Integrales Zukunftsthema Mobilität

Christian Holl
21. September 2011
Die neue Mobilität wird die Stadt verändern – Planer und Architekten sollten Stadt, Architektur und Mobiliät als Einheit denken. (Bild: Hybrid Space Lab, 2010) 

Am 17. Oktober wird die Bundesstiftung Baukultur in Karlsruhe über Mobilität in einem öffentlichen Gespräch debattieren. "Wann ist Mobilität kultivierbar?" ist die Veranstaltung betitelt. Dass es in Zukunft um wesentlich mehr gehen muss, als im Geiste von Konzepten der Vergangenheit Bestehendes zu optimieren, hat Ursula Baus in der vergangenen Woche gefordert. Darum sollte es auch in Karlsruhe gehen, auch wenn die Frage, ob Mobilität kultivierbar sei, insofern missverständlich ist, als sie suggeriert, Mobilität sei grundsätzlich außerhalb des Kulturellen zu suchen, und müsse dann irgendwie in deren Sphäre überführt, "kultiviert" werden. Vielmehr ist doch der Umgang mit Fragen der Mobilität selbst durch das kulturelle Selbstverständnis der Gesellschaft geprägt. So wird in Lindau am Bodensee schon seit 1997 erwogen, den Bahnhof der Stadt von der Insel auf das Festland zu verlegen. Der Bahnhof, so die Bahn, könne dadurch Halt für Fernzüge bleiben, in der Altstadt auf der Insel böten sich Entwicklungsflächen, sowieso wohnen etwa 80 Prozent der Lindauer auf dem Festland. Eine Verlegung mag praktisch sein, getraut wird den Argumenten der Bahn allerdings nicht; gefürchtet wird, dass der Fern- gegenüber dem Nahverkehr bevorzugt wird. Der Widerstand der Mehrheit des Gemeinderats scheint sich aber auch aus dem Gefühl zu speisen, mit der Altstadt als symbolischer Repräsentanz der Gesamtstadt werde eben auch die Stadt als Ganzes entwertet. Die Bahn scheint tatsächlich aus Stuttgart 21 gelernt zu haben und bietet nun einen Kompromiss immerhin insofern an, als sie die Kombi-Lösung prüfen will: den Fernbahnhof auf das Festland zu verlegen, den Nahverkehrsbahnhof weiterhin auf der Insel zu belassen. Wer für zu erwartende Mehrkosten zahlen wird, so man sich dafür entscheidet, ist allerdings noch offen; die Bahn scheint davon auszugehen, dass dies zu mindestens zum größten Teil von den öffentlichen Kassen getragen wird.
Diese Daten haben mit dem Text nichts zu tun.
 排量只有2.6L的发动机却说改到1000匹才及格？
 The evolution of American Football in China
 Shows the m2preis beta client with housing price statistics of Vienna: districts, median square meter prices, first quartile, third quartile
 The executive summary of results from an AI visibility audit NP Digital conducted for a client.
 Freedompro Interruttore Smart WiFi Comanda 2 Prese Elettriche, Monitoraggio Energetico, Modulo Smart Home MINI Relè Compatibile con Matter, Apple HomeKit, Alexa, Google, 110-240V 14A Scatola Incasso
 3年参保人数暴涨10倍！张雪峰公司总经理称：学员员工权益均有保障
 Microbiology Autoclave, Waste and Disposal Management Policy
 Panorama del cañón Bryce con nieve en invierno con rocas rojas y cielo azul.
Nicht immer muss es mehr kosten, sich auf kooperative Verfahren einzulassen; das zeigt sich am Neubau der Bahnstrecke Erfurt – Leipzig/ Halle. Der auf Betreiben von Jörg Schlaich eingerichtete Brückenbeirat und erstellte Brückengestaltungsleitfaden hat erwirkt, dass hier statt voluminöser Standardlösungen für die langen, flache Niederungen überspannenden Brücken elegantere, der Landschaft angepasste Entwürfe verwirklicht werden. Der Brückenträger selbst ist beispielsweise bei der etwa einen Kilometer langen Gänsebachtalbrücke statt 4,35 nur 3,00 Meter hoch. Materialersparnis und geringerer Aufwand bei Wartung und Instandhaltung wiegen Mehrkosten der Planung auf. Kultur zeigt sich auch hier innerhalb des Verständnisses von Mobilität – und deswegen ist Mobilität angesichts der zu erwartenden Herausforderungen der Zukunft gerade für Architektur und Städtebau eines der wichtigsten Zukunftsthemen. Wer selbst erleben will, was auf uns zukommt, der darf sich übrigens beim Bundesminister als Testfamilie bewerben, die in Berlin 15 Monate lang ein Energie-Plus-Haus mit Elektromobilität bewohnen darf. Man darf ein bisschen an die 1920er Jahre denken, als Architektur, Technik und kulturelles Verständnis zumindest in der Absicht noch untrennbar miteinander verbunden waren. Damals dachte man aber immerhin noch an die Verbesserung der Wohn- und Lebensverhältnisse auch weniger Begüterter – Technik war auch ein soziales Konzept. Dächte man auch daran hin und wieder, wäre das auch Ausdruck eines kulturellen Selbstverständnisses. ch

Neues Leben mit Elektromobiliät – das Modellhaus des Bundesministeriums. (Bild: BMVBS/ Werner Sobek)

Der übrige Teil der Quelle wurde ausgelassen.